The Becoming Radical: Education Accountability as Disaster Bureaucracy
The puzzle isn’t hard to put together because the pieces are in clear sight and fit together easily, but political, media, and public interest in facing the final picture is at least weak, if not completely absent.
Gerald Bracey (2003) and more directly Gerald Holton (2003) exposed that the stated original intent under the Ronald Reagan administration was to create enough negative perceptions of public education through A Nation at Risk to leverage Reagan’s political goals:
We met with President Reagan at the White House, who at first was jovial, charming, and full of funny stories, but then turned serious when he gave us our marching orders. He told us that our report should focus on five fundamental points that would bring excellence to education: Bring God back into the classroom.
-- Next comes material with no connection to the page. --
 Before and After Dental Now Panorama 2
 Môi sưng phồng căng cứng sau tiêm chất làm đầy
Encourage tuition tax credits for families using private schools. Support vouchers. Leave the primary responsibility for education to parents. And please abolish that abomination, the Department of Education. (Holton, n.p., electronic)
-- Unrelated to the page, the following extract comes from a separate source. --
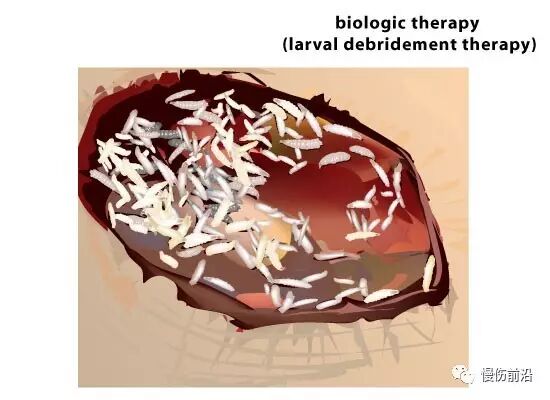 抗菌清创敷料有什么用基础知识：清创在伤口愈合中的重要作用_https://www.jmylbn.com_新闻资讯_第2张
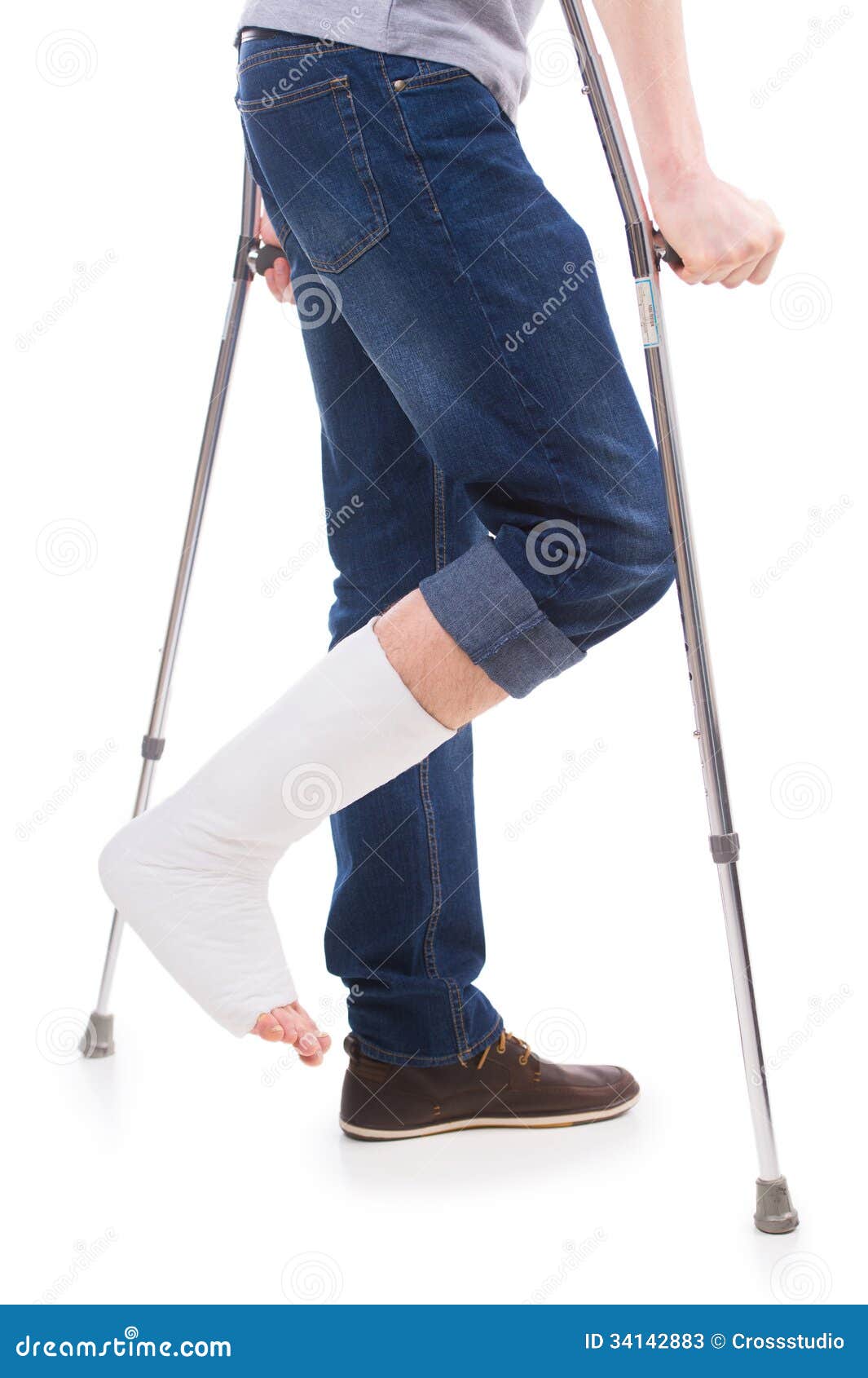 broken leg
The accountability formula spawned after A Nation at Risk swept the popular media included standards, high-stakes testing, and increased reports of public school failure.
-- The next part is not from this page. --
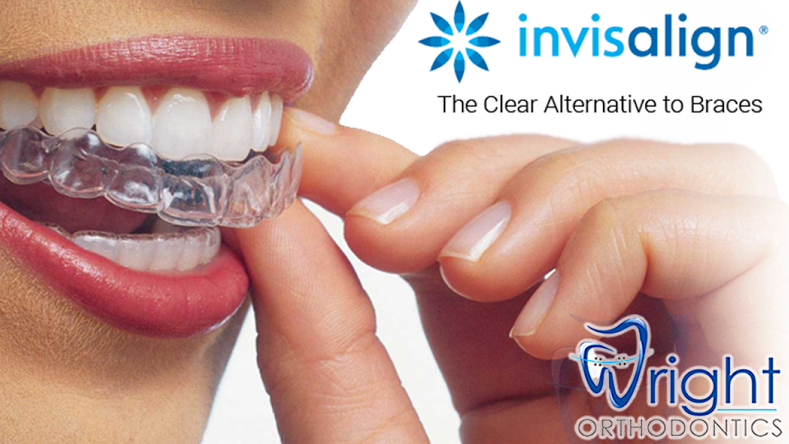 Invisalign Teen Aligners Are 84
While the federal report created fertile ground for state-based school accountability, that proved not to be enough for political leaders, who within 15-20 years began orchestrating national versions of education accountability. The result was No Child Left Behind and then Common Core standards and the connected high-stakes tests—both neatly wrapped in bi-partisan veneer.
About thirty years after Reagan gave the commission that created A Nation at Risk the clear message about the need for the public to see public education as a failure, David Coleman, a lead architect of Common Core, exposed in 2011 what really matters about the national standards movement; after joking about having no qualifications for writing national education standards, Coleman explained:
[T]hese standards are worthy of nothing if the assessments built on them are not worthy of teaching to, period. This is quite a demanding charge, I might add to you, because it has within it the kind of statement – you know, “Oh, the standards were just fine, but the real work begins now in defining the assessment,” which if you were involved in the standards is a slightly exhausting statement to make.
But let’s be rather clear: we’re at the start of something here, and its promise – our top priorities in our organization, and I’ll tell you a little bit more about our organization, is to do our darnedest to ensure that the assessment is worthy of your time, is worthy of imitation….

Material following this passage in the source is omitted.